Between late 2016 and early 2017, the FARC laid down their weapons in compliance with the Peace Agreement and it was expected that the State would take, in a comprehensive manner, the areas controlled for years by the former guerrillas, with development and security, to fill that power vacuum, avoid new cycles of violence and settle the historical debts suffered by the communities hardest hit by the armed conflict.

However, criminality was faster than institutionalism. Hence, the situation described by Camayo is not exclusive to his region: it was replicated in different departments of the country.

Armed groups that used to border with the former FARC, guerrillas who distanced themselves from the peace process and men who took up arms again after demobilization, won the race and became involved in new disputes over territorial control. Those who are paying the price are the peasant, black and indigenous communities, to whom the Peace Treaty made the promise of non-repetition of the violence, but five years later, it has still not been fulfilled.

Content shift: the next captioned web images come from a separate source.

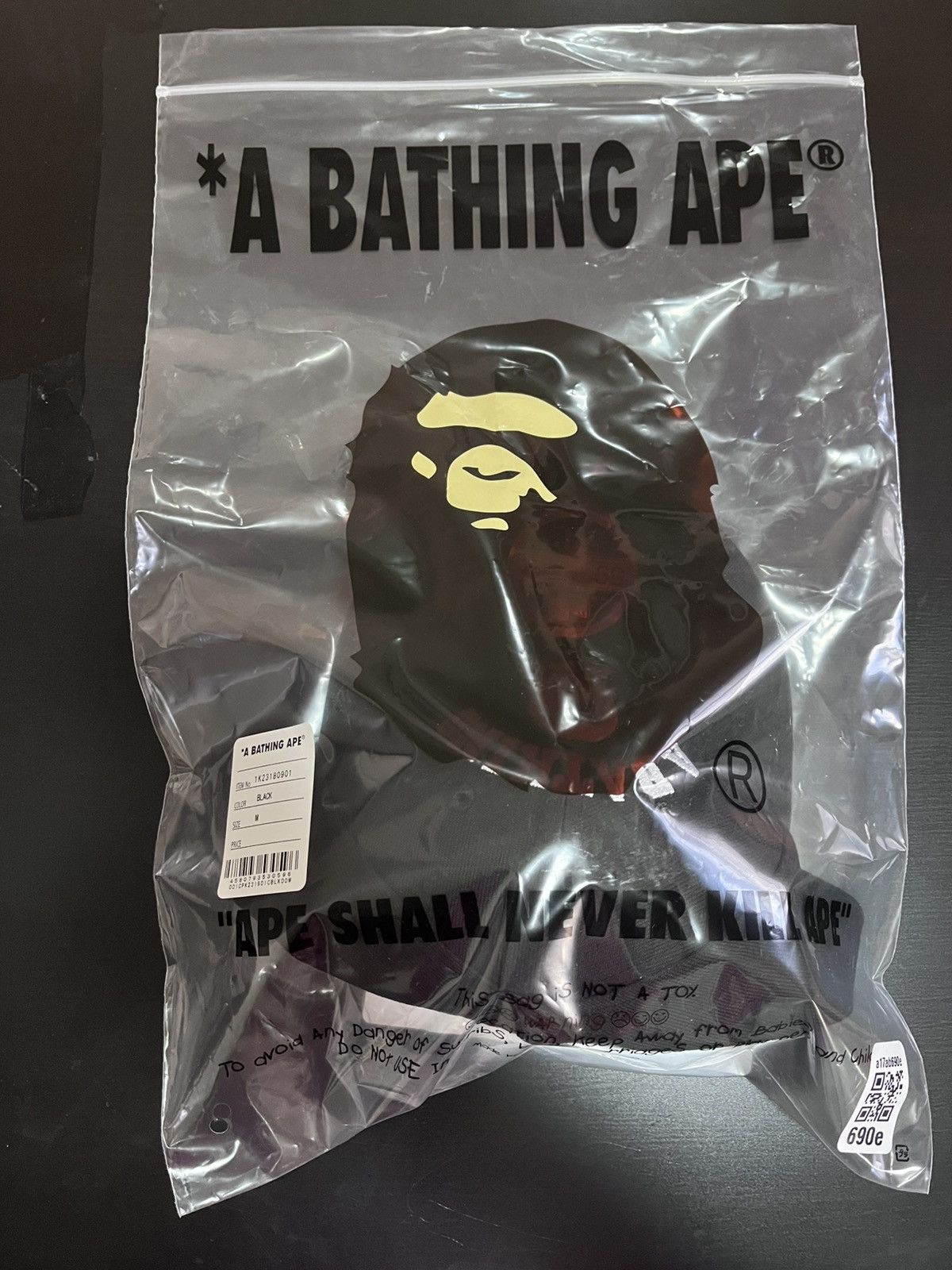 Bape Bape X New Era Low Profile Fitted Cap Hat Medium 7 3/8 Size ONE SIZE - 8 Thumbnail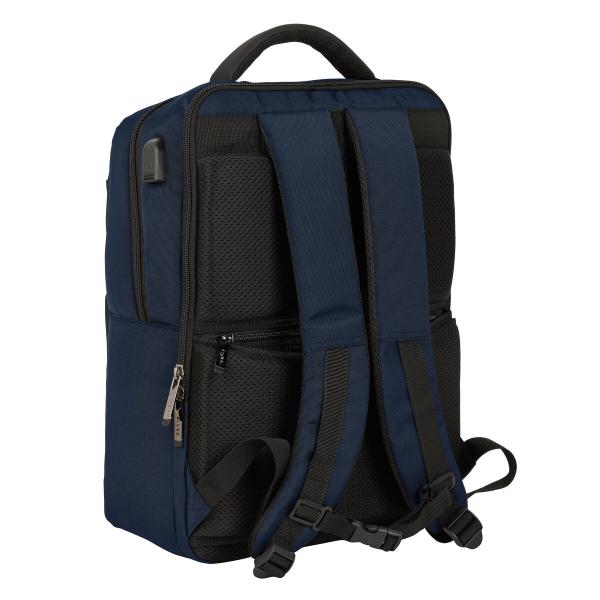 Mochila para notebook Safta Business 15,6'' Azul escuro (31 x 44 x 13 cm)
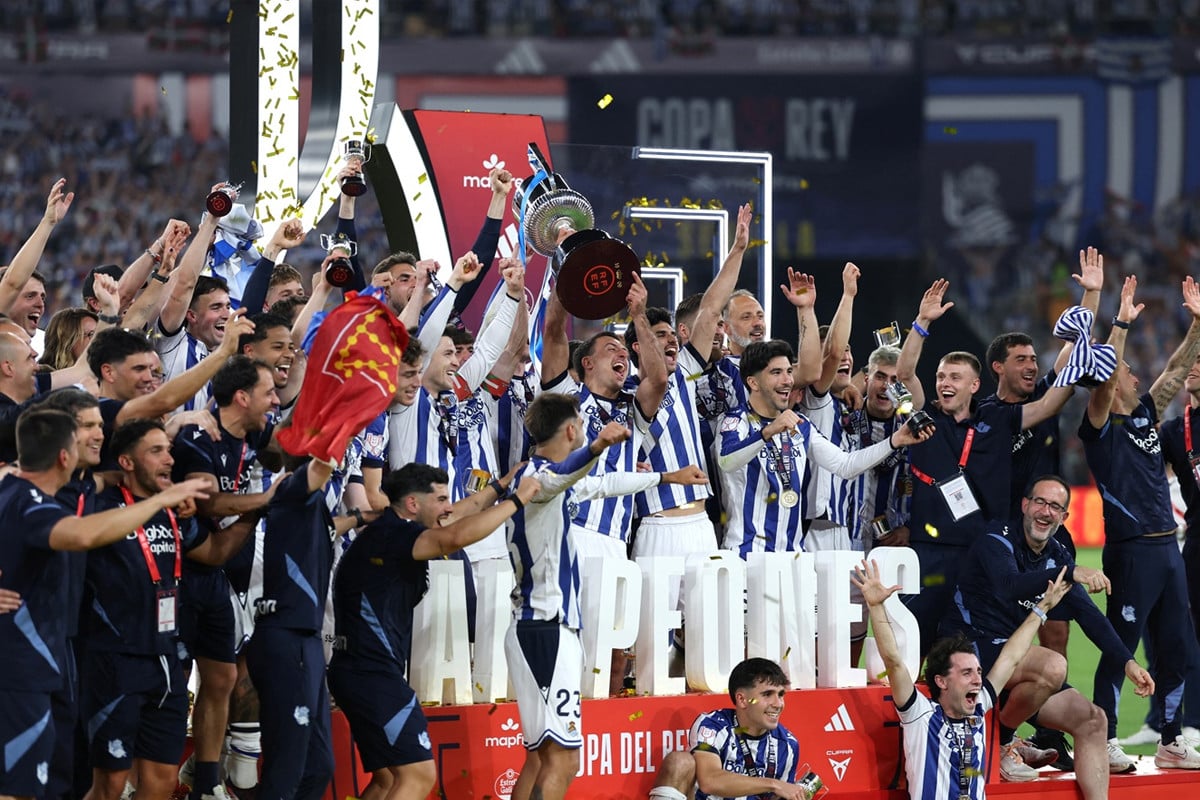 টাইব্রেকারে আতলেতিকোকে হারিয়ে চ্যাম্পিয়ন সোসিয়েদাদ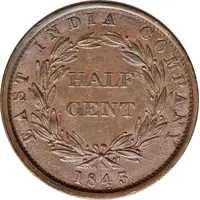 1/2 Cent - Victoria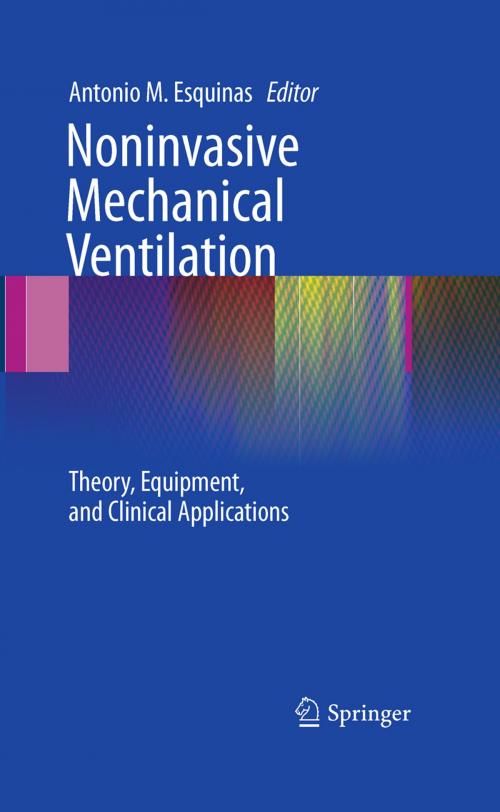Cover of the book Noninvasive Mechanical Ventilation by , Springer Berlin Heidelberg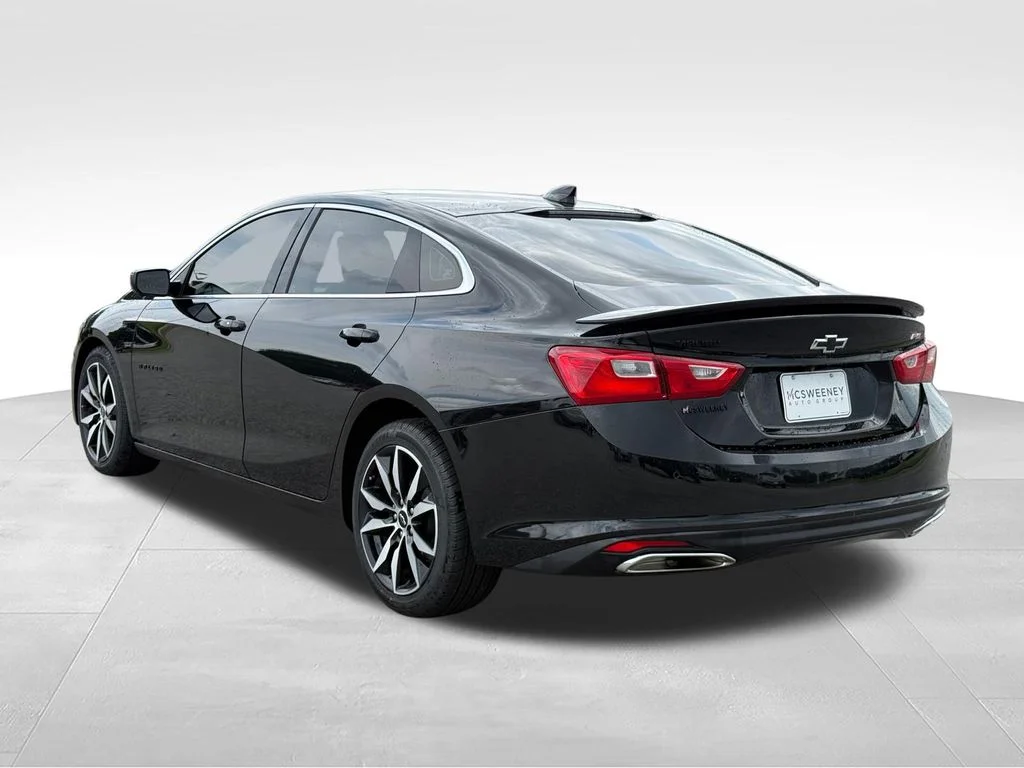 Used 2024 Black Chevrolet RS image 3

This is how Michel Forst, then UN special rapporteur on the situation of human rights defenders, explained it in his report on the situation in Colombia in 2019: “The demobilization of the FARC-EP did not entail the mobilization and comprehensive state presence in the areas previously under their control, which allowed the reorganization of power at the hands of illegal armed groups and criminal groups around illicit economies, in the face of the inaction and/or absence of the State.”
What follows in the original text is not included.